OD KIEDY WCIĄGA? Dramy bywają różne. Najczęściej trzeba jednak poświęcić czas na obejrzenie dwóch / trzech odcinków nim historia przejdzie do swojego głównego toru i na dobre się rozkręci. Ten przypadek to także "Pinocchio". Przemiana to dopiero epizod czwarty, ale warto na to poczekać! Akcja przyśpiesza za to już w odcinku trzecim, kiedy minęło 8 lat i bohaterowie zamiast w szkolnych ławkach najwyraźniej są już po studiach i pierwszych doświadczeniach w poszukiwaniu pracy. Jeszcze nie są to zajęcia ich marzeń, lecz nie poddają się i za to ich cenimy. Rozpoczyna się walka o przyszłość.
Będzie trudno, ale da się przebrnąć przez początek
PRAWDA UKRYTA W KŁAMSTWIE: To opowieść o tym, jak oskarżenie wobec rodziny może łatwo przyczynić się do jej upadku... nawet jeśli wszyscy byli w istocie niewinni. Pozostali przy życiu członkowie rodziny (starszy i młodszy brat) na różne sposoby spróbują odkryć prawdę i przyczyny tragedii. Prędko staną się jednak przed najważniejszym pytaniem: "Co muszę zrobić, by przywrócić sprawiedliwość? Czy zdołam zapłacić cenę?"

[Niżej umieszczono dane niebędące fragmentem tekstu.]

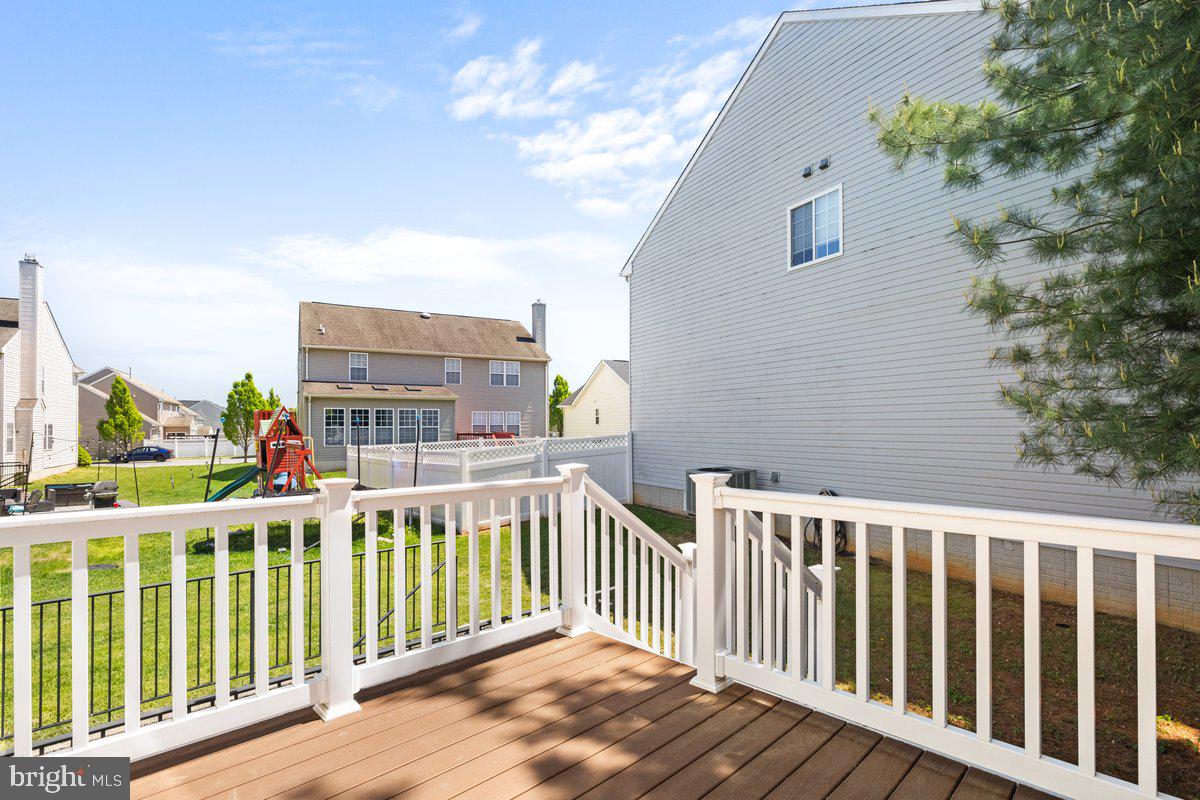 12 Glenbrook Road Ranson, WV 25438 - Photo 15 of 35 a view of a balcony with wooden fence and floor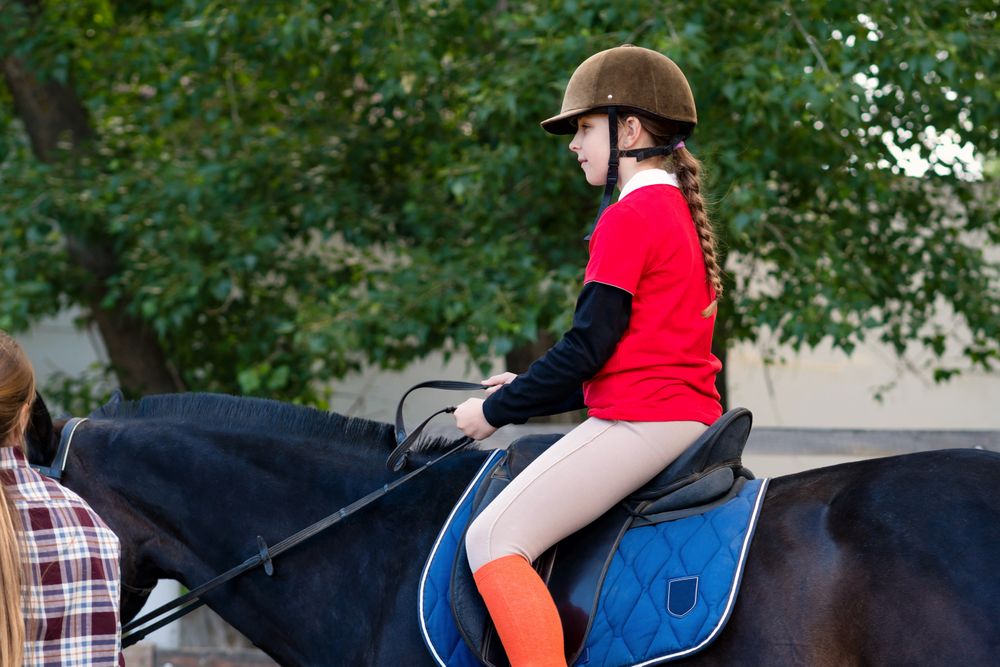Child practices horseback riding under instructor's guidance.
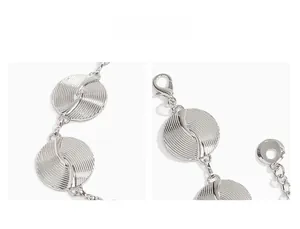 Detailed close-up of silver metal waist chain with lobster clasp and textured disk detail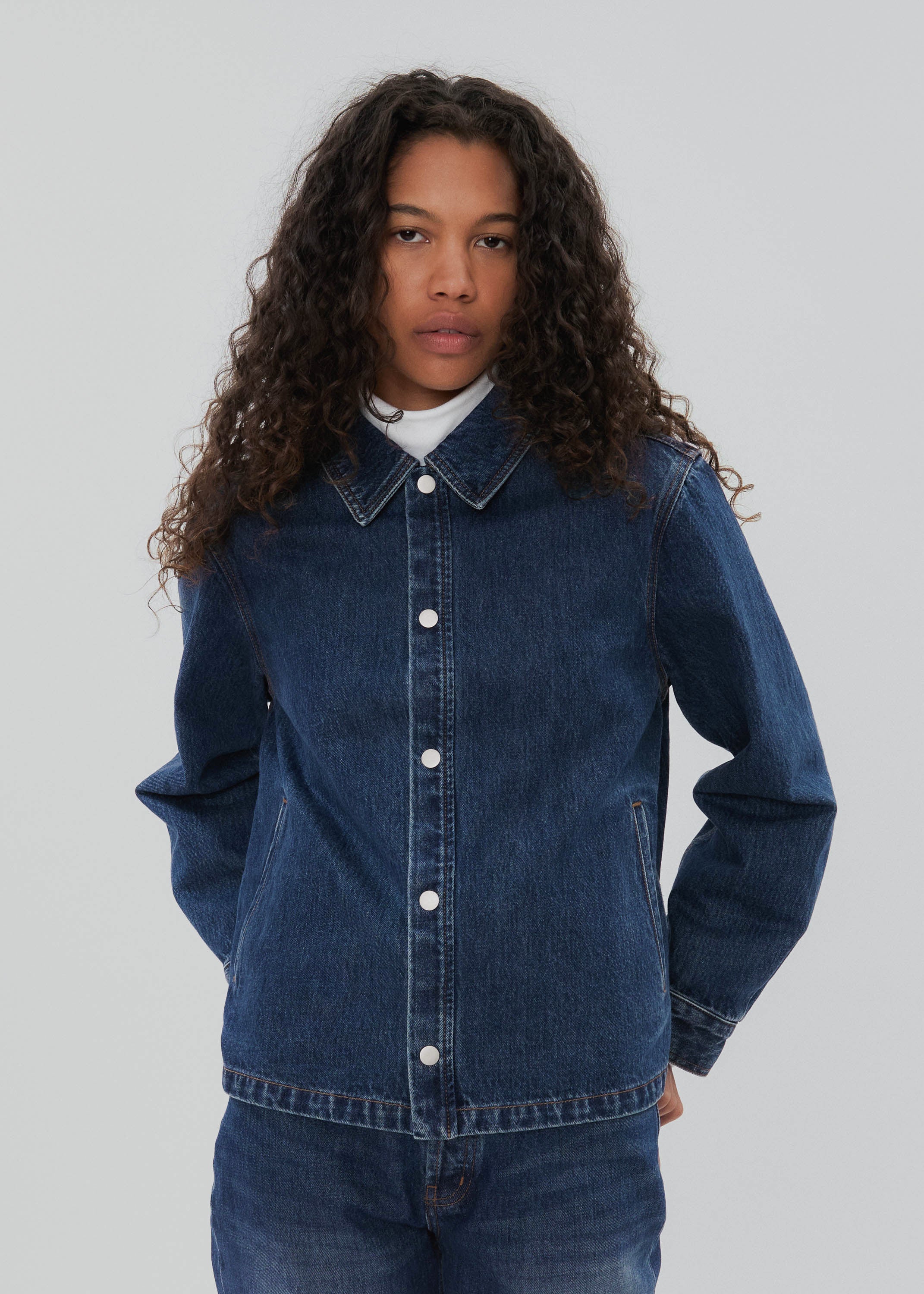 Person wearing a blue denim jacket on a plain background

MIŁOŚĆ W WALCE Z ZEMSTĄ: "Pinocchio" to także to, co w dramie jest tak częste, czyli ukrywanie swoich prawdziwych uczuć, dopóki nie można ich wyjawić. Kiedy to nastąpi, zaczyna się gra w otwarte karty i trzeba przyjąć powstałe skutki, jakie wyznanie poczyniło w rzeczywistości.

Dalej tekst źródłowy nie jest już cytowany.